Quotes about Introspection
IT is not that someone else is preventing you from living happily; you yourself do not know what you want. Rather than admit this, you pretend that someone is keeping you from exercising your liberty. Who is this? It is you yourself.
— Thomas Merton
To separate meditation from prayer, reading and contemplation is to falsify our picture of the monastic way of prayer. In proportion as meditation takes on a more contemplative character, we see that it is not only a means to an end, but also has something of the nature of an end.
— Thomas Merton
Humility is a virtue, not a neurosis.
— Thomas Merton
If our life is poured out in useless words, we will never hear anything, will never become anything, and in the end, because have said everything before we had anything to say, we shall be left speechless at the moment of our greatest decision.
— Thomas Merton
I cannot discover God in myself and myself in Him unless I have the courage to face myself exactly as I am, with all my limitations, and to accept others as they are, with all their limitations.
— Thomas Merton
To know when to stop To know when you can get no further By your own action, This is the right beginning!
— Thomas Merton
We are warmed by fire, not by the smoke of the fire. We are carried over the sea by a ship, not by the wake of a ship. So too, what we are is to be sought in the invisible depths of our own being, not in our outward reflection in our own acts. We must find our real selves not in the froth stirred up by the impact of our being upon the beings around us, but in our own soul which is the principle of all our acts.
— Thomas Merton
All men seek peace first of all with themselves. That is necessary, because we do not naturally find rest even in our own being.
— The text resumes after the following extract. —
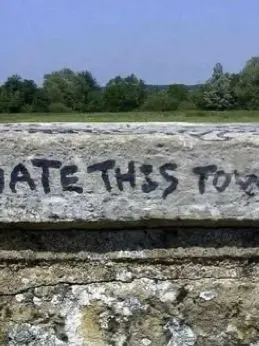 LocalLedge6025의 Warren Peace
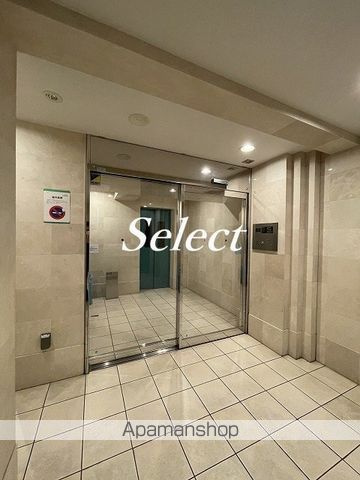 リクレイシア西横浜のエントランス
We have to learn to commune with ourselves before we can communicate with other men and with God.
— Thomas Merton
We become ourselves by dying to ourselves. We gain only what we give up, and if we give up everything we can everything. We cannot find ourselves within ourselves, but only in others, yet at the same time, before we can go out to others we must find ourselves.
— Thomas Merton
In humility is the greatest freedom. As soon as you begin to take yourself seriously and imagine that your virtues are important because they are yours, you become the prisoner of your own vanity and even your best works will blind and deceive you. Then, in order to defend yourself, you will begin to see sins and faults everywhere in the actions of other[s].
— Thomas Merton
We must slow down to a human tempo and we'll begin to have time to listen.
— Thomas Merton
When a proud man thinks he is humble his case is hopeless.